- [PROMPT]
Would you give the entries again word for word, with no pictures in the copy?

- [GIVEN DATA]
============================================================

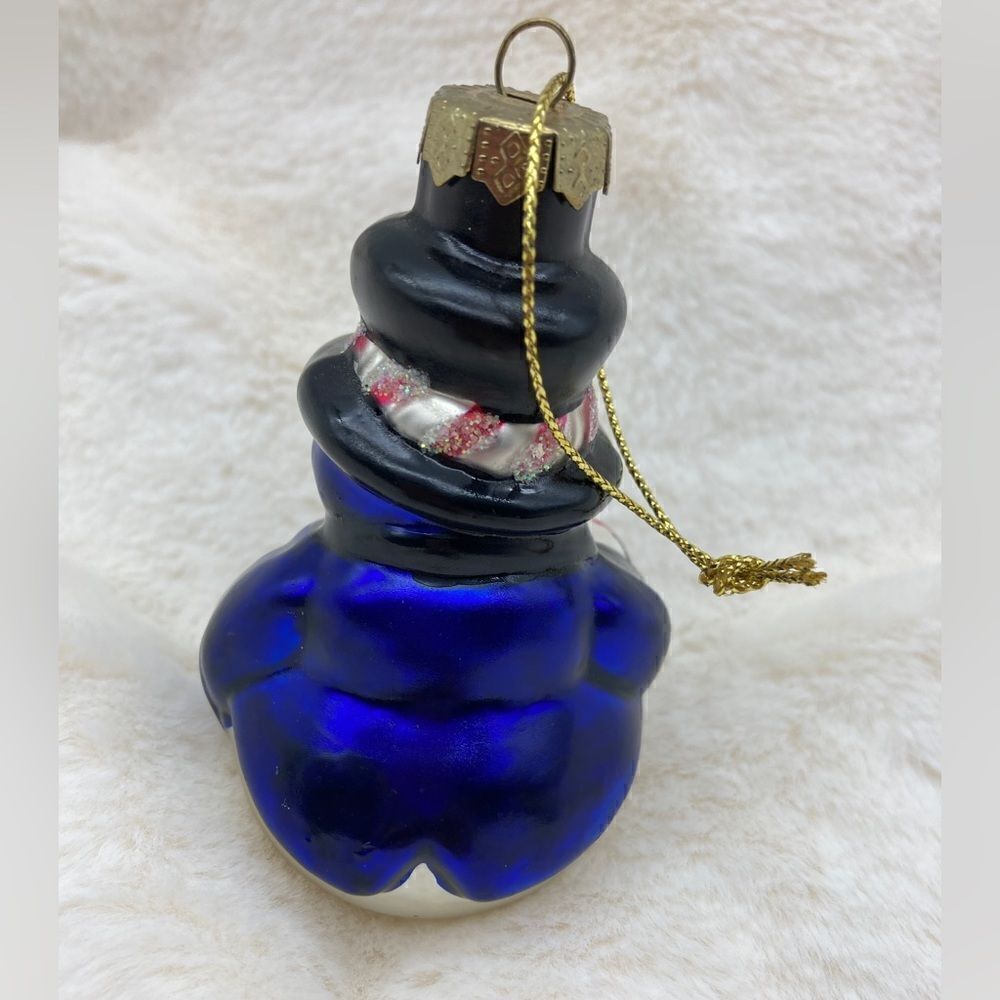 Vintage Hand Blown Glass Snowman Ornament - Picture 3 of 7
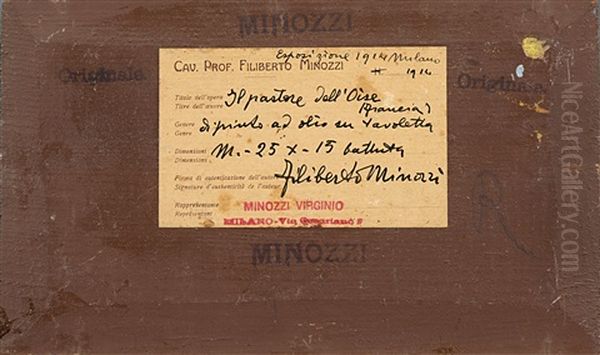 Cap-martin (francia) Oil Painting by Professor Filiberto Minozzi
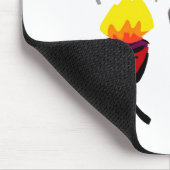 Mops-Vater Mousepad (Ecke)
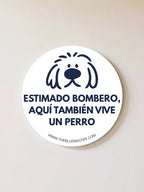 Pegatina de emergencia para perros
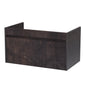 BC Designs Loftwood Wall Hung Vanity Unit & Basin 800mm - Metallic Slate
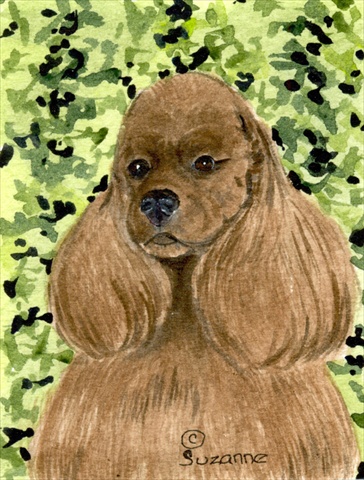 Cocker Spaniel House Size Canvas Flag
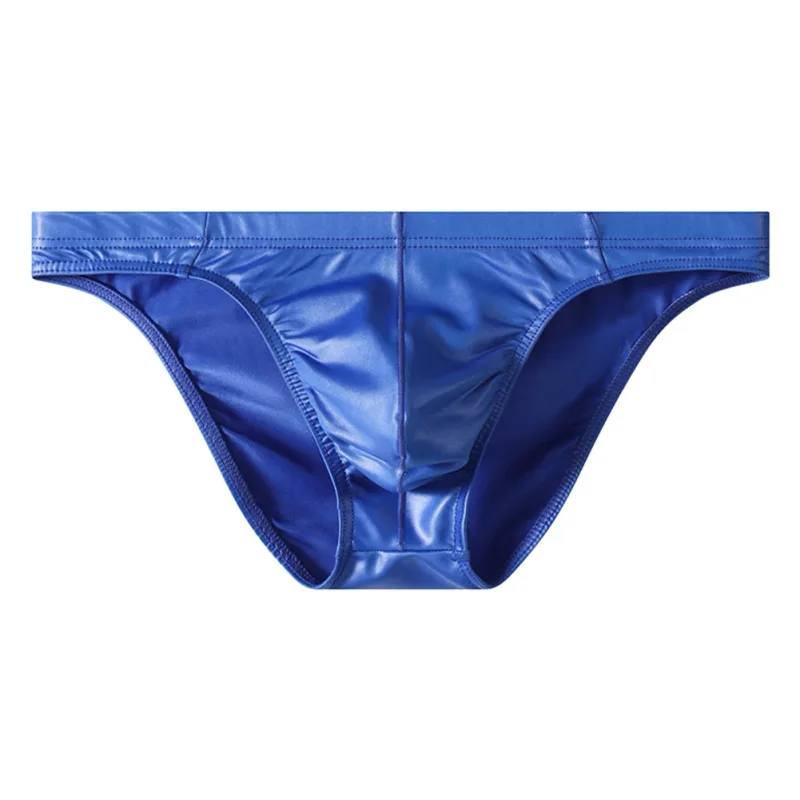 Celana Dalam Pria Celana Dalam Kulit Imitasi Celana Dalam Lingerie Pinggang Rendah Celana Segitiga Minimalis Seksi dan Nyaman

============================================================

- [RESPONSE TO THIS EXERCISE]
 Vintage Hand Blown Glass Snowman Ornament - Picture 3 of 7
 Cap-martin (francia) Oil Painting by Professor Filiberto Minozzi
 Mops-Vater Mousepad (Ecke)
 Pegatina de emergencia para perros
 BC Designs Loftwood Wall Hung Vanity Unit & Basin 800mm - Metallic Slate
 Cocker Spaniel House Size Canvas Flag
 Celana Dalam Pria Celana Dalam Kulit Imitasi Celana Dalam Lingerie Pinggang Rendah Celana Segitiga Minimalis Seksi dan Nyaman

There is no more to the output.